This function will be in the rafikisol R package, however, I have not loaded it yet as there are some more functions I want to add. Nevertheless, we will make it into a function called calcPICP(), which was basically taken from the book “Using R for Digital Soil Mapping” by Malone et al., (2017).
The function takes 3 parameters, x = a data frame of the data, response = the vector of the measured data (e.g., data$response), and pred = the predicted value (e.g., data$predicted).
calcPICP = function(data, response, pred){
#We first get the residuals of the model
res = response - pred
#Then we get the standard deviation of the residuals and combine with the data.
data$stdev = sd(res)
#We than make a series of quantiles from a normal cumulative distribution.
qp <- qnorm(c(0.995, 0.9875, 0.975, 0.95, 0.9, 0.8, 0.7, 0.6, 0.55, 0.525))
#Then make a matrix the with the row length of the data and columns of qp
vMat <- matrix(NA, nrow = nrow(data), ncol = length(qp))

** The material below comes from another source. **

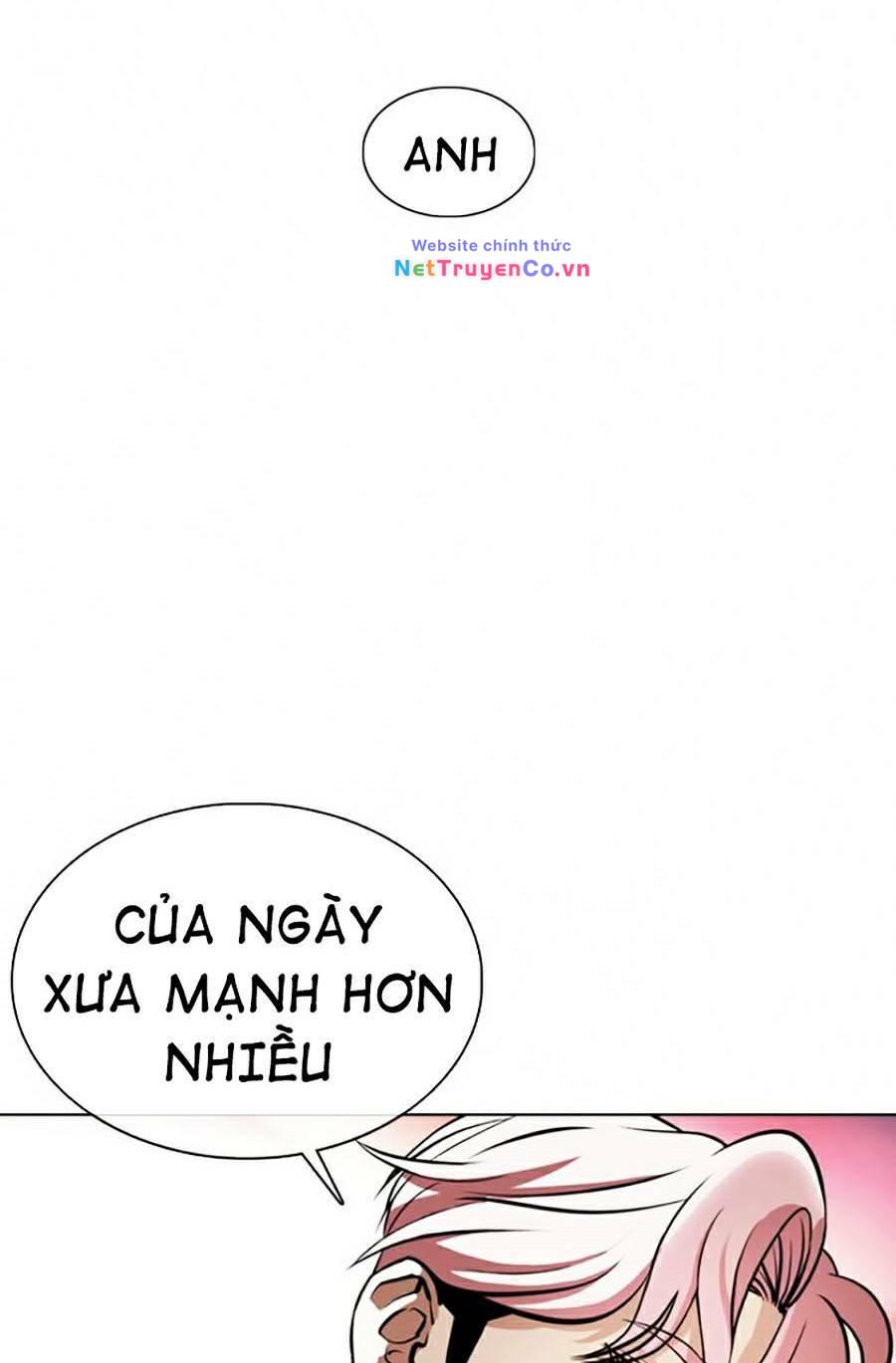 Chapter 368 - Trang 71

#Now we must loop around the quantiles and multiply it by the standard deviation to get a series of standard errors with different prediction intervals.
for(i in 1:length(qp)){
vMat[, i] <- data$stdev * qp[i]
}
#Make another matrix same as before for the upper limits
uMat <- matrix(NA, nrow = nrow(data), ncol = length(qp))
#We calculate the upper limits by adding the series of standard errors to the predictions of the model.
for(i in 1:length(qp)) {
uMat[, i] <- pred + vMat[, i]
}
#We make another matrix for the lower limits
lMat <- matrix(NA, nrow = nrow(data), ncol = length(qp))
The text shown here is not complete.